The core epistemic problem is that a clean red team engagement does not distinguish between a model that has no hidden objectives and a model that has hidden objectives it does not reveal under the input distribution you tested. A model exhibiting deceptive alignment would, by definition, pass a behavioral evaluation — that is what deceptive alignment means. Similarly, you cannot establish “bounded catastrophic capability” from behavioral outputs alone without exhaustively sampling the input space, which is intractable.

Seth and Sankarapu formalize this as the audit gap: regulators are asking for verification at the level of latent representations and long-horizon agentic behavior, while evaluators have access only to the surface of observable outputs. The paper is not arguing that red-teaming is useless. It is arguing that red team reports are being stretched to certify claims they structurally cannot support.

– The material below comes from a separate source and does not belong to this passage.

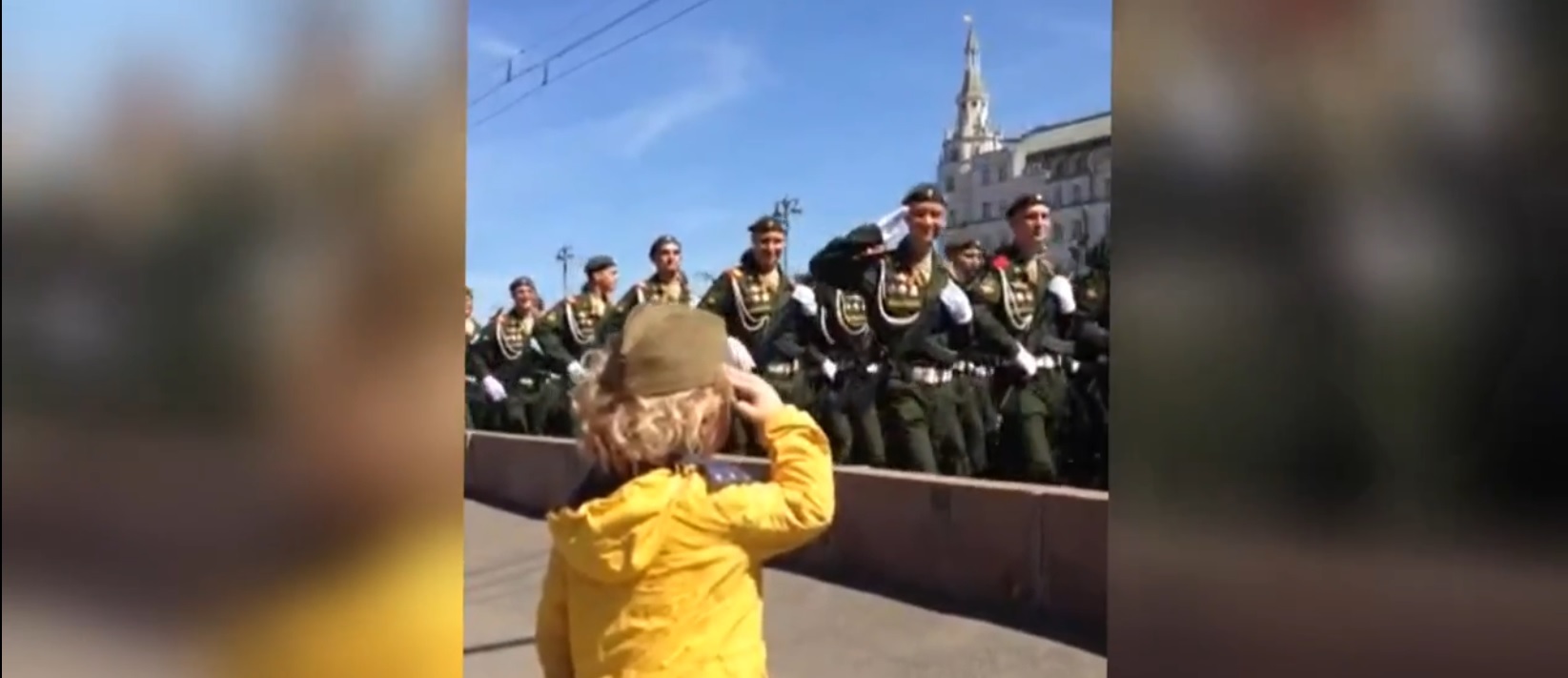 На репетиции парада Победы военные ответили на приветствие маленького генерала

Fragile Assurance and the Incentive Gradient

The more interesting — and more uncomfortable — observation in the paper concerns why this mismatch persists. The authors identify an incentive gradient: industry needs to demonstrate compliance; governance bodies need to accept some evidence; behavioral evaluations and red team reports are the only evidence that currently exists at scale; so governance frameworks ratify them as sufficient proof.

The result is what the paper calls fragile assurance: an evaluation that produces documentation structured to look like safety certification but where the evidential chain breaks down if you examine what the evidence actually supports. The 21-instrument analysis found this pattern is not an edge case — it is characteristic of the current evaluation landscape across multiple jurisdictions.

From a practitioner standpoint, this should be familiar. You deliver a red team report. Legal takes it, marks several checkboxes in a compliance worksheet, and an executive signs a declaration that the system has been safety-evaluated. The report accurately describes what you found. The declaration claims far more than the report supports. Nobody lied; the institutional machinery just laundered the epistemically limited finding into a stronger claim.

The Brookings Institution’s analysis of agentic AI evaluation reaches a similar conclusion from a policy angle: “benchmark-based evaluation cannot substitute for real-world, in-context assessments” for systems that operate through sustained environmental interaction. The behavioral testing paradigm was built for characterizing observable output distributions — it was not designed to establish claims about what a system will do over long time horizons in deployment contexts it was never tested in.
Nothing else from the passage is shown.